In short, Dr. McCormick could not point to one specific mechanism as responsible for Corrales's death, but opined there was a combination of them at work. He had no doubt the multiple blunt impact injuries throughout her body caused her death. He did not find the methamphetamine in Corrales's blood to be a significant factor in causing her death.
The defense also called a forensic pathologist, Dr. Katherine Raven, who reviewed the autopsy report and photographs, toxicology reports, photographs from the crime scene, court transcripts, and law enforcement reports. Dr. Raven believed some minimal lividity was present in Corrales's body, but it was difficult to determine with all her injuries. Corrales's injuries were significant "on the outside" and "covered a large part of the body," but they were superficial, and there was no evidence of significant internal hemorrhaging. She could not say to a medical certainty that bleeding out into the soft tissues, concussive head injury, kidney failure, or shock caused her death. She opined that the level of methamphetamine in Corrales's blood could potentially cause death, and she could not exclude methamphetamine as contributing to her death. But she could not say to a medical certainty what exactly caused Corrales's death. If she had done the autopsy, she would have called the cause of death "undetermined."
Three of defendant's ex-girlfriends testified about his prior acts of domestic violence against them. Jane Doe 1 dated defendant on and off from 2003 to 2007. He physically abused her several times. On one occasion he hit her and dragged her by the hair, and on another occasion he broke the window on the car and pulled her out of the car to hit her. He would call her "bitch, slut, [and] whore" when he hit her. He was under the influence of drugs when he hit her.
Jane Doe 2 dated defendant for three months in 2005 or 2006. During an abusive incident, he hit her and got on top of her, then shoved a wooden stick down her throat. She thought he was going to kill her. A friend pushed defendant off her. The next day, both of Jane Doe 2's eyes were black, and half her face was swollen. Defendant took pills and drank alcohol the day of that incident.

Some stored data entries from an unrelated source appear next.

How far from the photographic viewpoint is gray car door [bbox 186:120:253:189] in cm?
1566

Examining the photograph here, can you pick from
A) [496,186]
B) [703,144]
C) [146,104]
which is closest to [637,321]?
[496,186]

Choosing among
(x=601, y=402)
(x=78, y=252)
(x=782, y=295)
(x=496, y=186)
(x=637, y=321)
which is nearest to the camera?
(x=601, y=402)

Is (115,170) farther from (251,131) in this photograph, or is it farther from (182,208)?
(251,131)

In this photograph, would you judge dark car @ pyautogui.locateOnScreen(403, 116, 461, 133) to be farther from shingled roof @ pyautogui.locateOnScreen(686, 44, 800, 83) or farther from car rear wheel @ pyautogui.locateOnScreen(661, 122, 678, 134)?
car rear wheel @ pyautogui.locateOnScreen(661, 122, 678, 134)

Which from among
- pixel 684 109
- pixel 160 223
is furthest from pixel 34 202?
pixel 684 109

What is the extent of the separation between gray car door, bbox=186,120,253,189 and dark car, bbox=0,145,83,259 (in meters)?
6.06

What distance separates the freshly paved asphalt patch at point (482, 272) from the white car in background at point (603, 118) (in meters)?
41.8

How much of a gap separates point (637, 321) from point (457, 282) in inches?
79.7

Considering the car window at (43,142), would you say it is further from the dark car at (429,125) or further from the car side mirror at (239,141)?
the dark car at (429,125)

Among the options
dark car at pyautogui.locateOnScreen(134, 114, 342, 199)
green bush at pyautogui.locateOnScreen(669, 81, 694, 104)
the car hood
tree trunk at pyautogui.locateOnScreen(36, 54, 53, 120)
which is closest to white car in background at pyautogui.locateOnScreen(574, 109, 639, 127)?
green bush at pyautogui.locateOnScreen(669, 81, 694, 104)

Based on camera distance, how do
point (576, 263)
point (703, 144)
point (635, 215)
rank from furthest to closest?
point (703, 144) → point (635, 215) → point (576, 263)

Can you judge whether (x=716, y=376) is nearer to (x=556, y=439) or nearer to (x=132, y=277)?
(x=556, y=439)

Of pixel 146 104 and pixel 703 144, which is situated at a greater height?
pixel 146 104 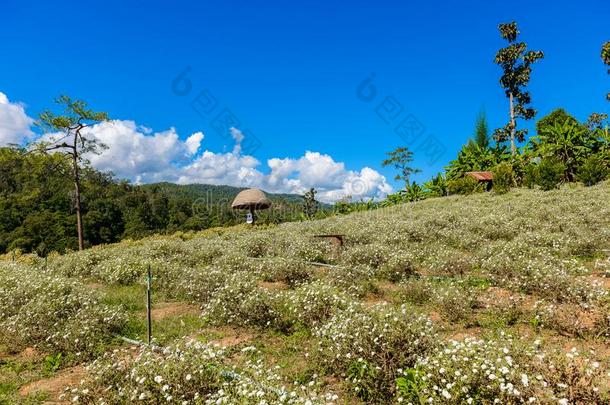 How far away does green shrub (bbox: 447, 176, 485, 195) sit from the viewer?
A: 39.3 metres

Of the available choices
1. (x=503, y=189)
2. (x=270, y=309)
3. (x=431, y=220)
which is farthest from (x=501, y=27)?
(x=270, y=309)

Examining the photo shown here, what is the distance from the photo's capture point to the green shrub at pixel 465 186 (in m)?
39.3

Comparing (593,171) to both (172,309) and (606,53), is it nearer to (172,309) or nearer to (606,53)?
(606,53)

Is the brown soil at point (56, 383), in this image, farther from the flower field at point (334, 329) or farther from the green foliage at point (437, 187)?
the green foliage at point (437, 187)

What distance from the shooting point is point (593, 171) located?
1267 inches

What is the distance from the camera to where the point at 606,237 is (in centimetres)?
1450

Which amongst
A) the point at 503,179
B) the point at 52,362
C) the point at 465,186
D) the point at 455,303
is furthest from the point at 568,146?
the point at 52,362

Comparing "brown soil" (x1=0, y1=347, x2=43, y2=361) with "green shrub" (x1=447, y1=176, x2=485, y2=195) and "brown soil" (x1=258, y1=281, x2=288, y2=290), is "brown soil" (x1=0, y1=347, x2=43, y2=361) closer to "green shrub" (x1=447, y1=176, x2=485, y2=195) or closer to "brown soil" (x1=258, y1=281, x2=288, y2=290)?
"brown soil" (x1=258, y1=281, x2=288, y2=290)

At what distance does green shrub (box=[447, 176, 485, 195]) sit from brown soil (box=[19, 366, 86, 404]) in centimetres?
3890

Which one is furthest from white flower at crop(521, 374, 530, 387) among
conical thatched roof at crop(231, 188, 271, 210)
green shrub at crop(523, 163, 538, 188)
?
green shrub at crop(523, 163, 538, 188)

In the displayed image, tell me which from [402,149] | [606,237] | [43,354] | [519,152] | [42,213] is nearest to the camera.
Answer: [43,354]

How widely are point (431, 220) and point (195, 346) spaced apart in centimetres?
1887

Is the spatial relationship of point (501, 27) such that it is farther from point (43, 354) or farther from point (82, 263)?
point (43, 354)

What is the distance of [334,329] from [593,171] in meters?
35.5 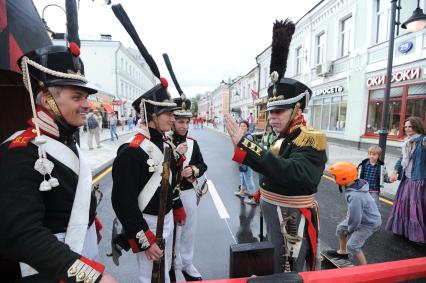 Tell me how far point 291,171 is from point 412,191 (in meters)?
3.57

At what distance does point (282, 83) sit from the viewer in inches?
81.7

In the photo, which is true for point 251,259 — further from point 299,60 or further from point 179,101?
point 299,60

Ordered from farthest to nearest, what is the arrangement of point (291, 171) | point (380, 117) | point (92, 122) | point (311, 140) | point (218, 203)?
point (92, 122) < point (380, 117) < point (218, 203) < point (311, 140) < point (291, 171)

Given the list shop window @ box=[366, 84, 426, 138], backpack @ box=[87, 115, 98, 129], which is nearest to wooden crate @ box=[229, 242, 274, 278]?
shop window @ box=[366, 84, 426, 138]

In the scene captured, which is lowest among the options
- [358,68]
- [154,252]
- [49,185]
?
[154,252]

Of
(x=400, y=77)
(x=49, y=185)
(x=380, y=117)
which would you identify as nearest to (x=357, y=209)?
(x=49, y=185)

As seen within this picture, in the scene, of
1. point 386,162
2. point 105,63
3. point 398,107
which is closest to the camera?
point 386,162

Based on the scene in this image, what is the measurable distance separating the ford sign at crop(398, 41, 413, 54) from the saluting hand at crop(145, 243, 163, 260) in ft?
40.6

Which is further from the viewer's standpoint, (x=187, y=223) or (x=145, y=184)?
(x=187, y=223)

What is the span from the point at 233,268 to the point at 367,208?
2679mm

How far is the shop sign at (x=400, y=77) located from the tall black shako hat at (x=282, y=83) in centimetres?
1057

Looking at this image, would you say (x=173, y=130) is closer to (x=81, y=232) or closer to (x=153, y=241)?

Jane Doe 3 dated defendant in 2007 and 2008. Defendant physically abused her over 20 times. He was also very controlling. He would not allow her to take a shower by herself, drop her children off at their father's house, or even go to work sometimes. He called her names like, "[b]itch, cunt, slut," and "worthless." The first time he physically abused her, he saw a picture of an ex-boyfriend in her telephone. He became upset and kicked and slapped her. After that first time, he punched her on many occasions. On one of those occasions, they argued in the bedroom while her children were sleeping on the bed. He threw her on the floor and kicked her probably 10 times, punched her in the face probably four times, and punched her in the chest probably five times. He told her, "You're worthless, nobody cares about you, nobody loves you, you're lucky I love you." She was crying uncontrollably, could not breathe, could not feel her face, and could not move. She begged defendant to take her to the hospital. He initially refused and left the house. He returned because he had forgotten something, and she begged again, saying she would tell the hospital personnel she was mugged to explain her injuries. Only then did defendant take her to the hospital. At the hospital, she was given painkillers but did not stay overnight. On another occasion, defendant threatened her by saying he knew "a special place . . . where he would dump bodies," and Jane Doe 3 and her children "would end up there." "[E]verything and anything" would anger defendant and start arguments between the two of them. Defendant drank alcohol often, and while he was violent even when not drinking, the alcohol made him more violent.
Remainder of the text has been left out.